━━━ Provided material

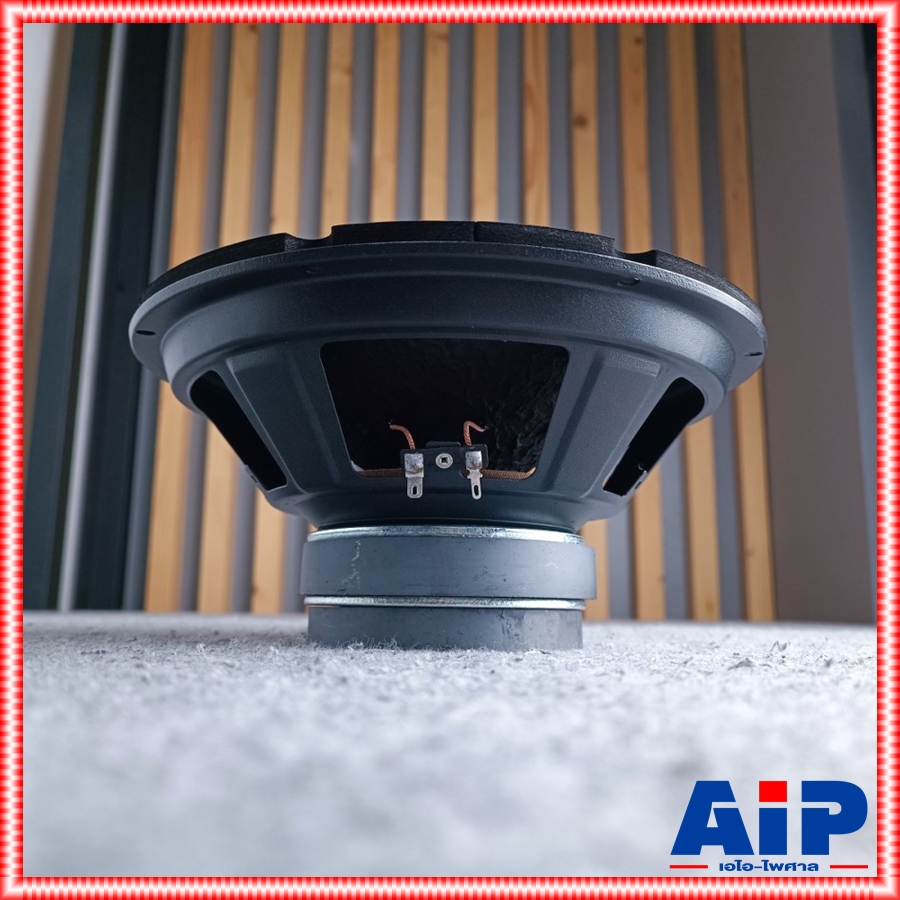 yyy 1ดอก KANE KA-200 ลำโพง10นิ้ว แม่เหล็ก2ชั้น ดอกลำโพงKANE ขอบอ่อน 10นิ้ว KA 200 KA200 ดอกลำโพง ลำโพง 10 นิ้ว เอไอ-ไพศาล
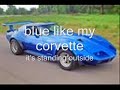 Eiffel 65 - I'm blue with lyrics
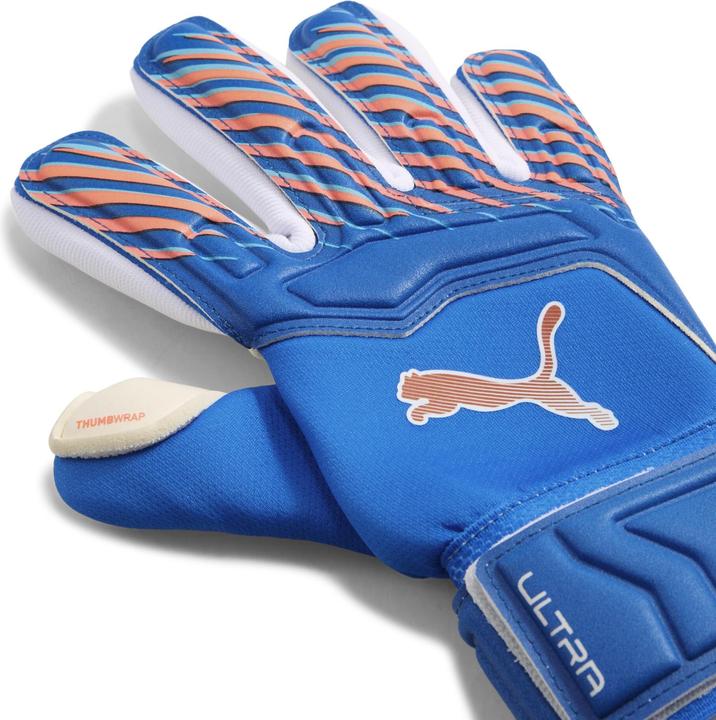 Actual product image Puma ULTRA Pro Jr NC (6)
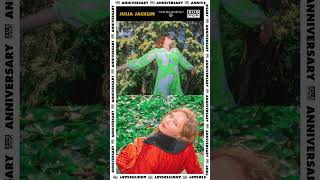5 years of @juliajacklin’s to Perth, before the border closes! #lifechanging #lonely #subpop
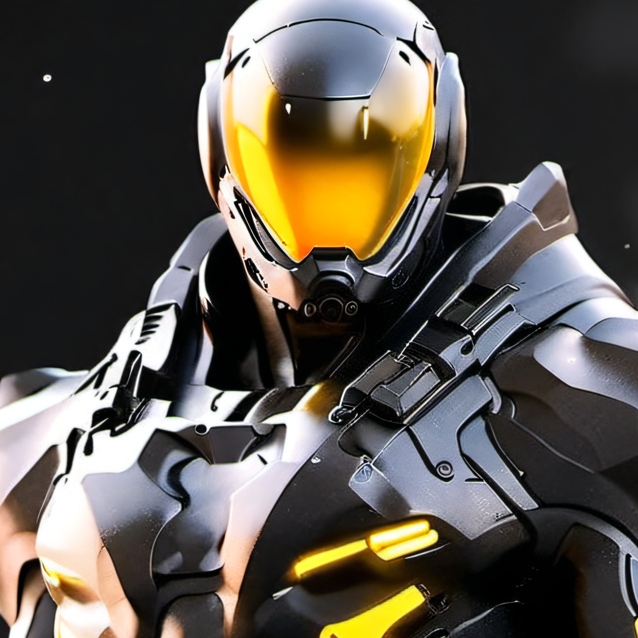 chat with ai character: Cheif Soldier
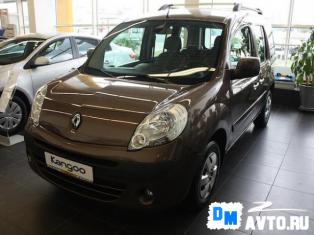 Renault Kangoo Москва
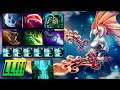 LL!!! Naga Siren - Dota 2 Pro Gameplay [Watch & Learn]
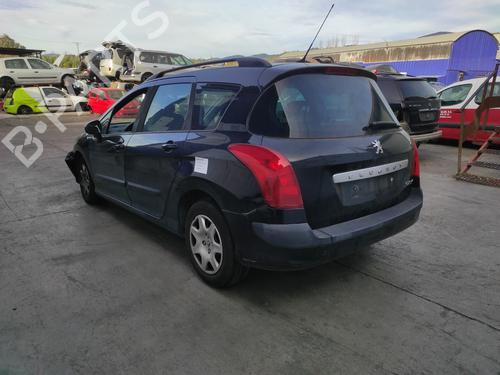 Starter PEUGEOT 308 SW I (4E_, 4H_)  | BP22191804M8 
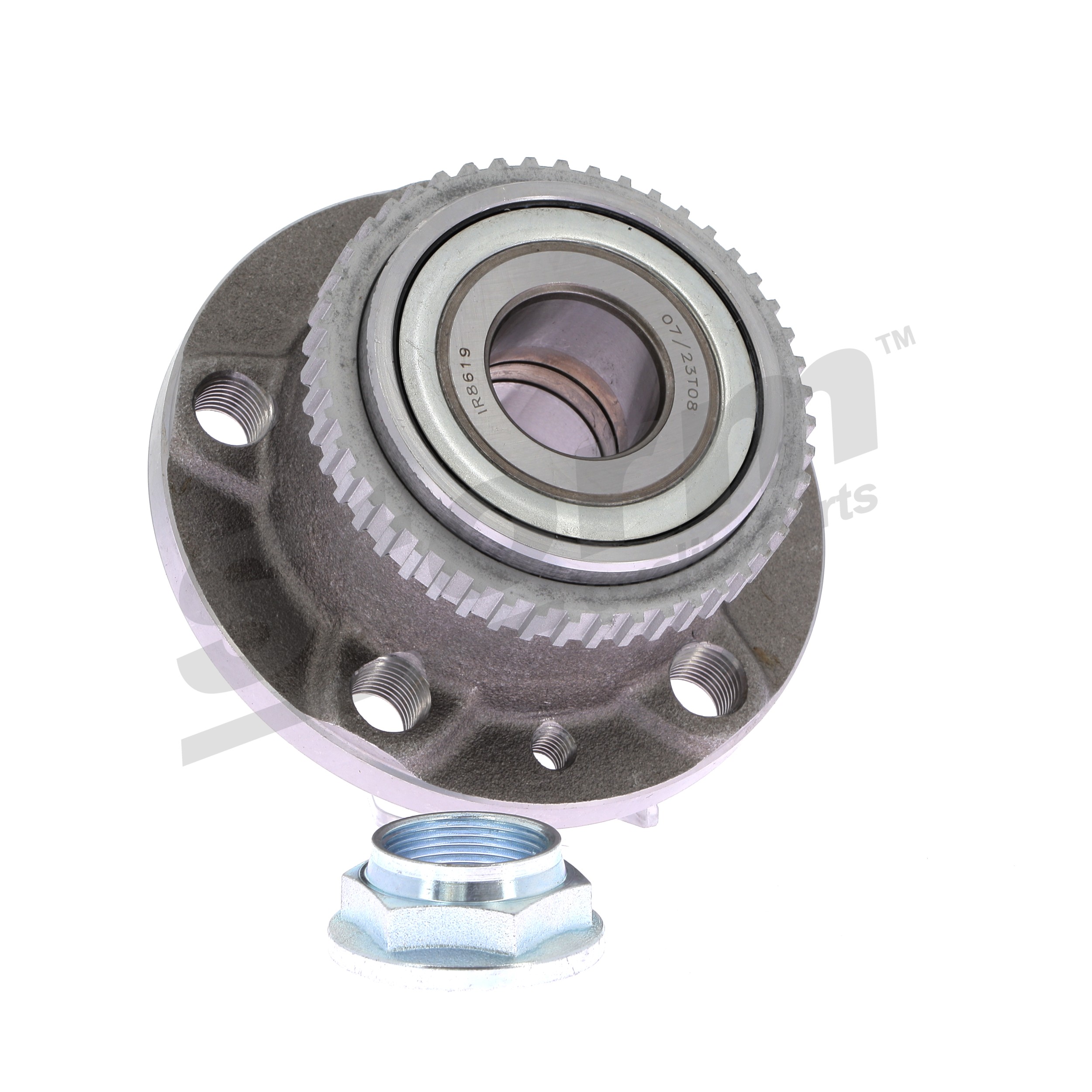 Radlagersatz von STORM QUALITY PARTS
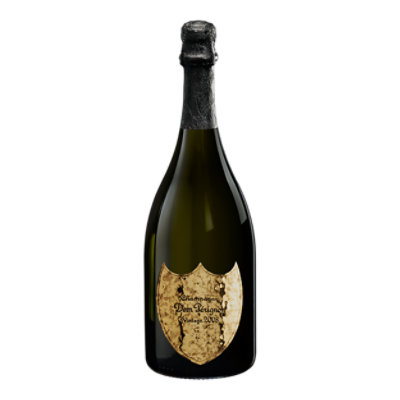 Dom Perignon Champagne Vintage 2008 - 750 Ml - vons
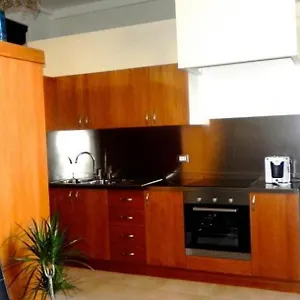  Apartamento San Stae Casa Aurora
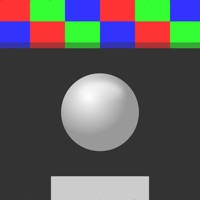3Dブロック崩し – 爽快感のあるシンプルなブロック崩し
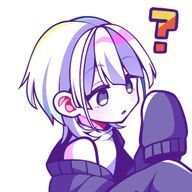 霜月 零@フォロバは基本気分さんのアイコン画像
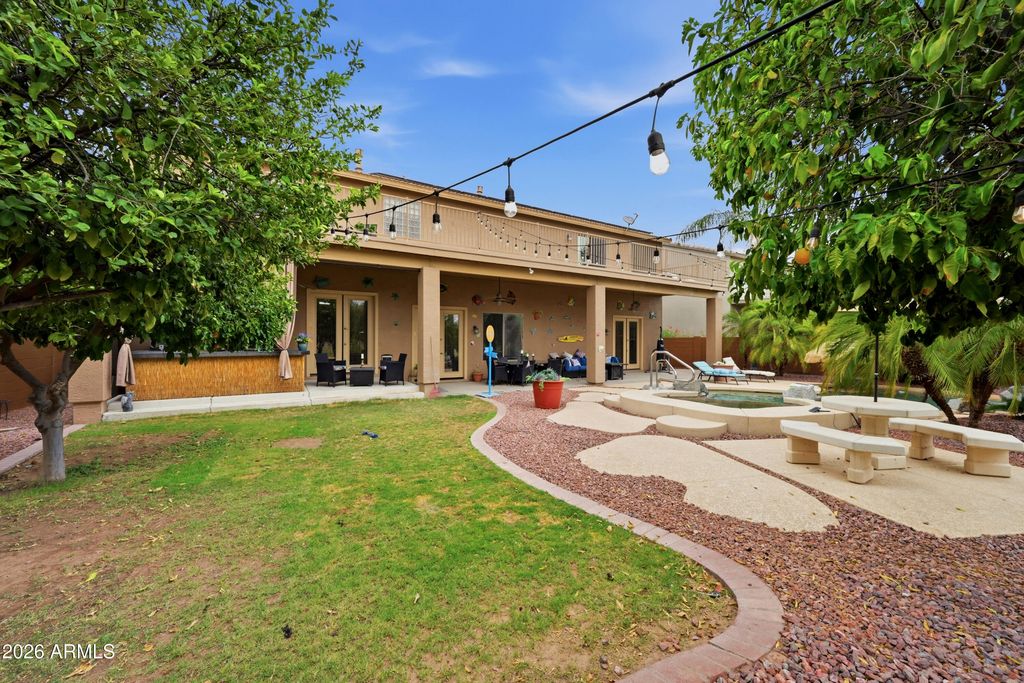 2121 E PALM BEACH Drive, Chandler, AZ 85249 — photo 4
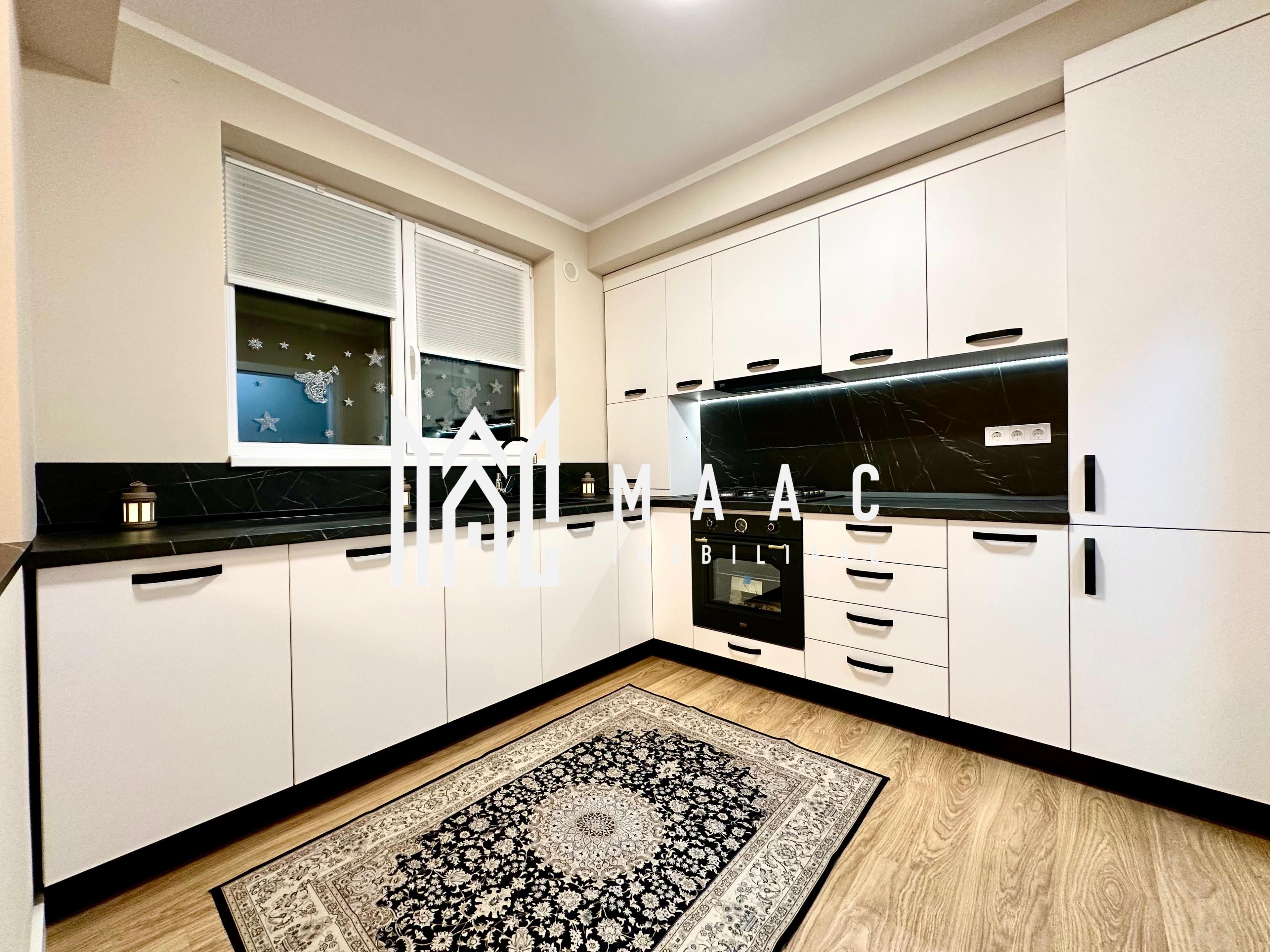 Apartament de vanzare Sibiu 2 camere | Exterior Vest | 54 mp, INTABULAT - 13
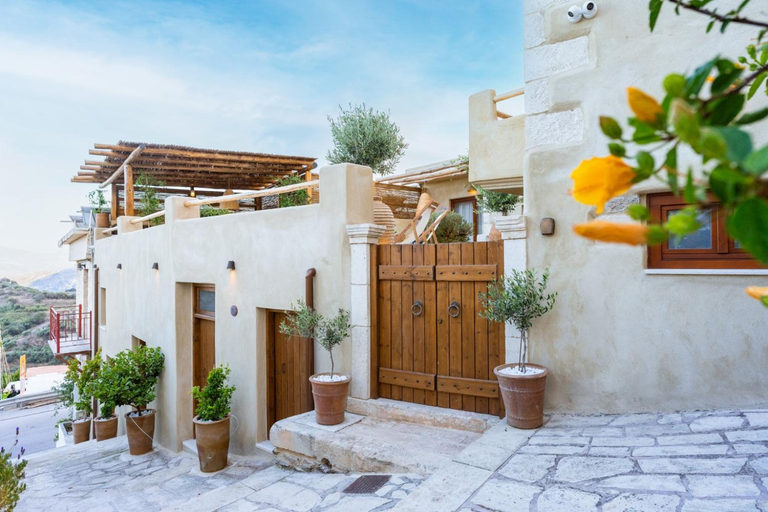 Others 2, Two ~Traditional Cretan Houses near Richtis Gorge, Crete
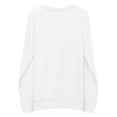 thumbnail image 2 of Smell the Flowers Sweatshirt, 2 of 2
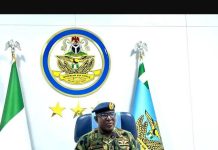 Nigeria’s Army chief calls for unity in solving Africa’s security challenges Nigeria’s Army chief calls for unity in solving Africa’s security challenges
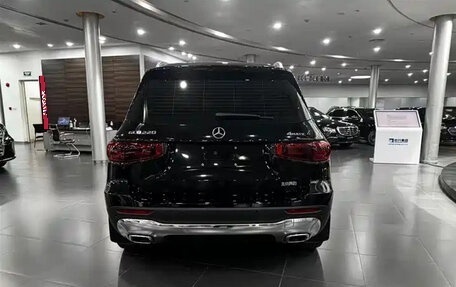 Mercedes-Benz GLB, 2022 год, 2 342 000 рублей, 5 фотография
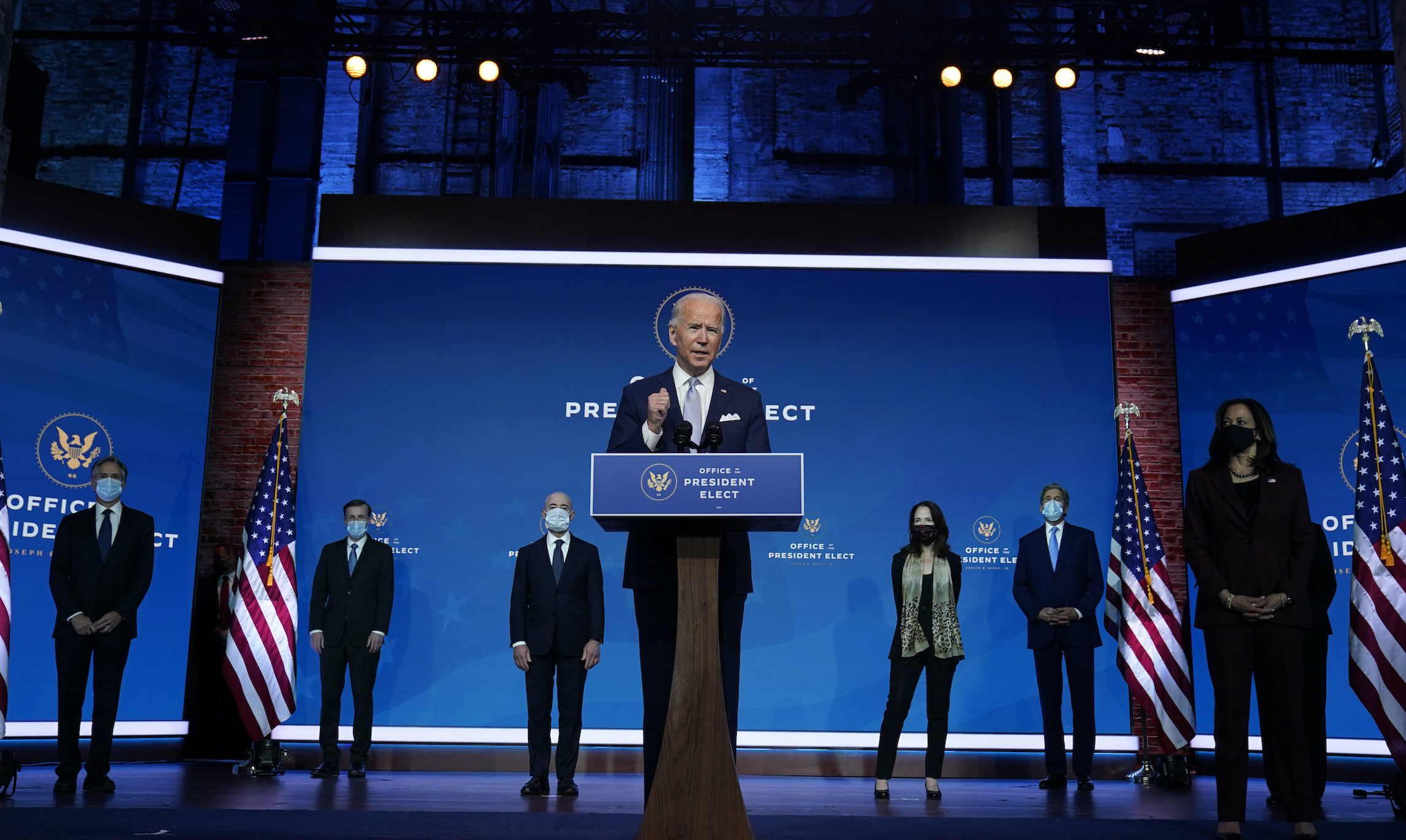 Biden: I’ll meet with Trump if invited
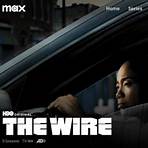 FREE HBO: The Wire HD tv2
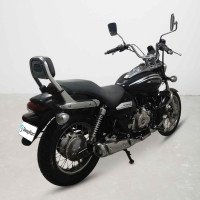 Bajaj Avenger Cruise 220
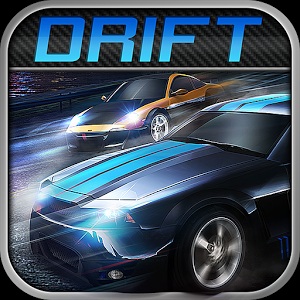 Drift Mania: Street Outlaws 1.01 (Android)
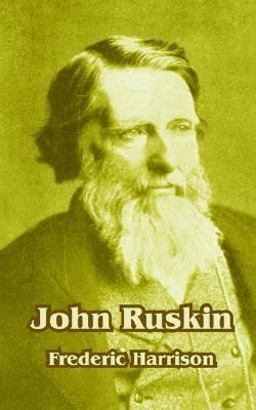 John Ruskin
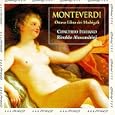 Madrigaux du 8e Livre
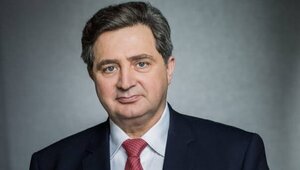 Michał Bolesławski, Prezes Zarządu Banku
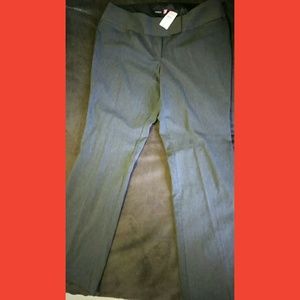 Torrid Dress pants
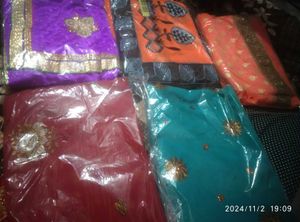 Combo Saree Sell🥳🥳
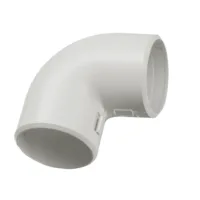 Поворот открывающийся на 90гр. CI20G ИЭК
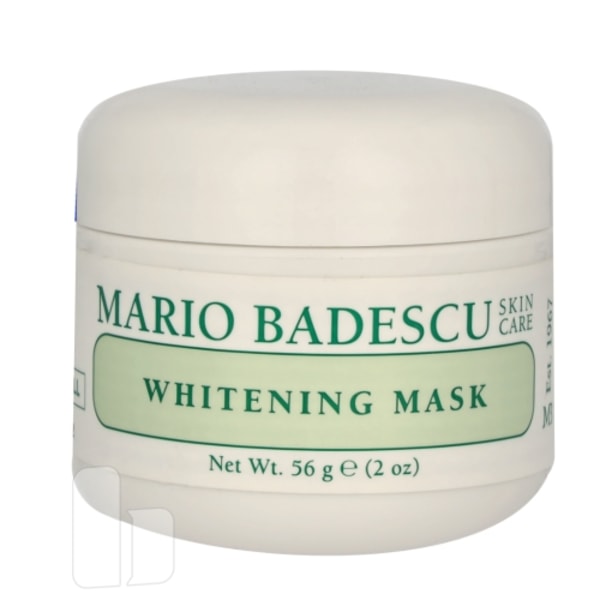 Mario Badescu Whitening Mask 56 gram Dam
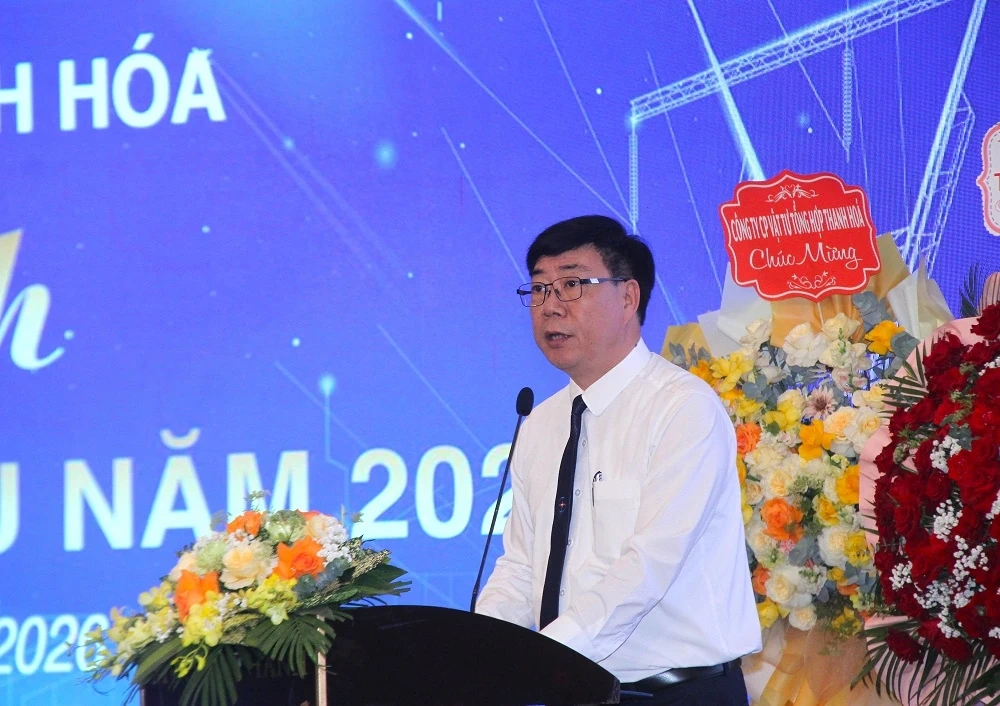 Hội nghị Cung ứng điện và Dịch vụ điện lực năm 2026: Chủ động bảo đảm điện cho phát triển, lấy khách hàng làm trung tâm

━━━━━━

Set down exactly the lines from the start of the records through the line containing "thumbnail image 2", both included, and omit the pictures.

**Answer space:**
 yyy 1ดอก KANE KA-200 ลำโพง10นิ้ว แม่เหล็ก2ชั้น ดอกลำโพงKANE ขอบอ่อน 10นิ้ว KA 200 KA200 ดอกลำโพง ลำโพง 10 นิ้ว เอไอ-ไพศาล
 Eiffel 65 - I'm blue with lyrics
 Actual product image Puma ULTRA Pro Jr NC (6)
5 years of @juliajacklin’s to Perth, before the border closes! #lifechanging #lonely #subpop
 chat with ai character: Cheif Soldier
 Renault Kangoo Москва
 LL!!! Naga Siren - Dota 2 Pro Gameplay [Watch & Learn]
 Starter PEUGEOT 308 SW I (4E_, 4H_)  | BP22191804M8 
 Radlagersatz von STORM QUALITY PARTS
 Dom Perignon Champagne Vintage 2008 - 750 Ml - vons
  Apartamento San Stae Casa Aurora
3Dブロック崩し – 爽快感のあるシンプルなブロック崩し
 霜月 零@フォロバは基本気分さんのアイコン画像
 2121 E PALM BEACH Drive, Chandler, AZ 85249 — photo 4
 Apartament de vanzare Sibiu 2 camere | Exterior Vest | 54 mp, INTABULAT - 13
 Others 2, Two ~Traditional Cretan Houses near Richtis Gorge, Crete
 thumbnail image 2 of Smell the Flowers Sweatshirt, 2 of 2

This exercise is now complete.